Exercise prompt:
Retype the line with "2 ETRIERS ALCON" exactly. Then retype every line after it through the end of the entries below, and nothing more, leaving out pictures.

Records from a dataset
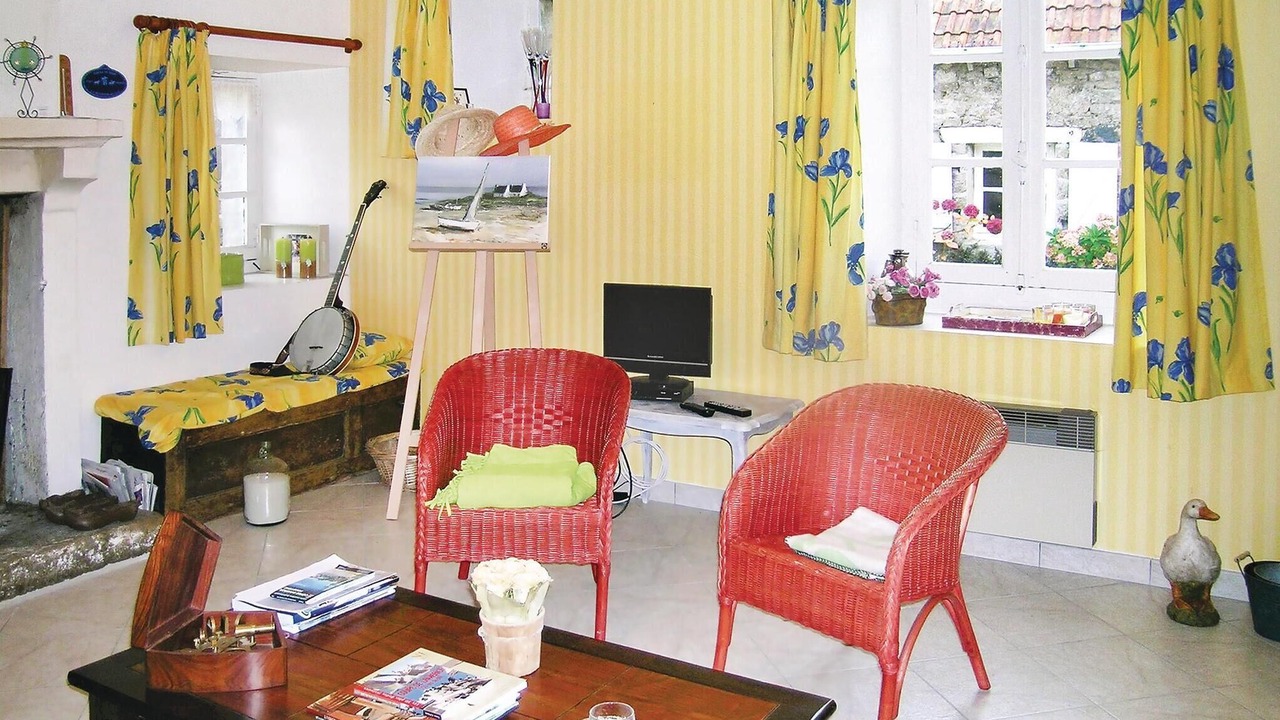 Photo of Bedroom in Pleumeur-Gautier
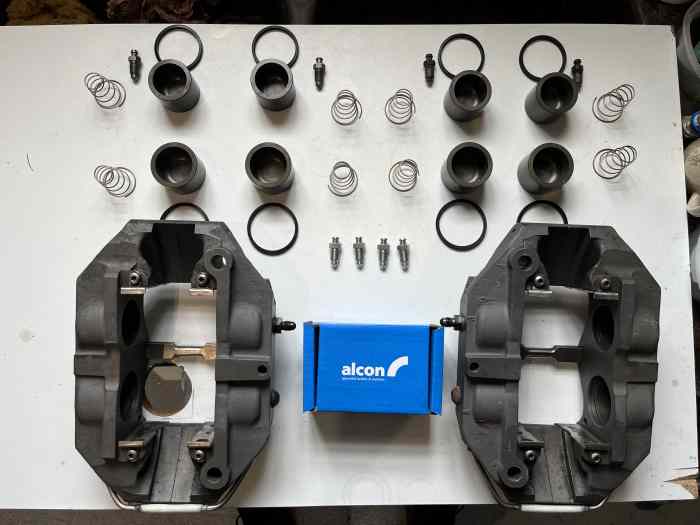 2 ETRIERS ALCON 4 PISTONS IDEM 106 306 MAXI V1 REVISES 4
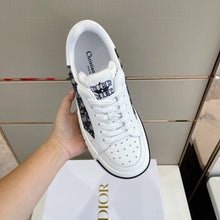 Load image into Gallery viewer, Christian Dior D Freeway  Sneakers
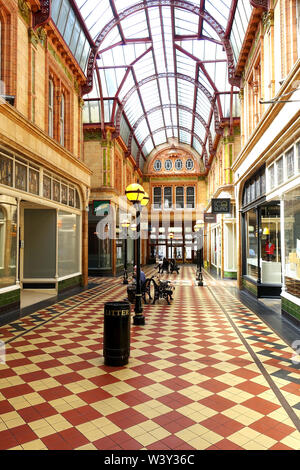 Costruito nel 1899, Miller Arcade è un elegante in stile vittoriano galleria dello shopping nel centro della citta' di Preston. Esso è stato ispirato dal grande Burlington Arcade di Londra. Foto Stock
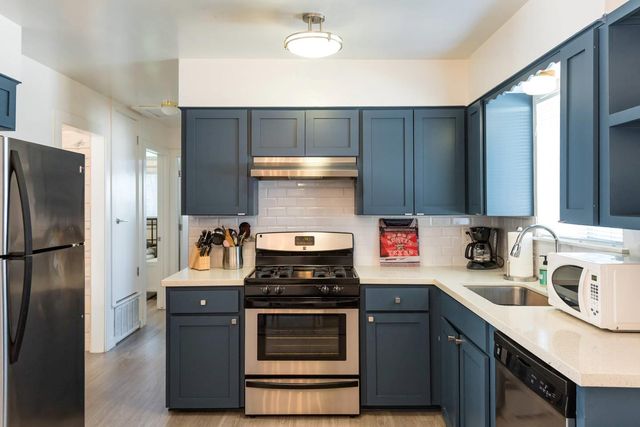 1913 Rabb RD A, Austin, TX 78704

Written reply:
 2 ETRIERS ALCON 4 PISTONS IDEM 106 306 MAXI V1 REVISES 4
 Load image into Gallery viewer, Christian Dior D Freeway  Sneakers
 Costruito nel 1899, Miller Arcade è un elegante in stile vittoriano galleria dello shopping nel centro della citta' di Preston. Esso è stato ispirato dal grande Burlington Arcade di Londra. Foto Stock
 1913 Rabb RD A, Austin, TX 78704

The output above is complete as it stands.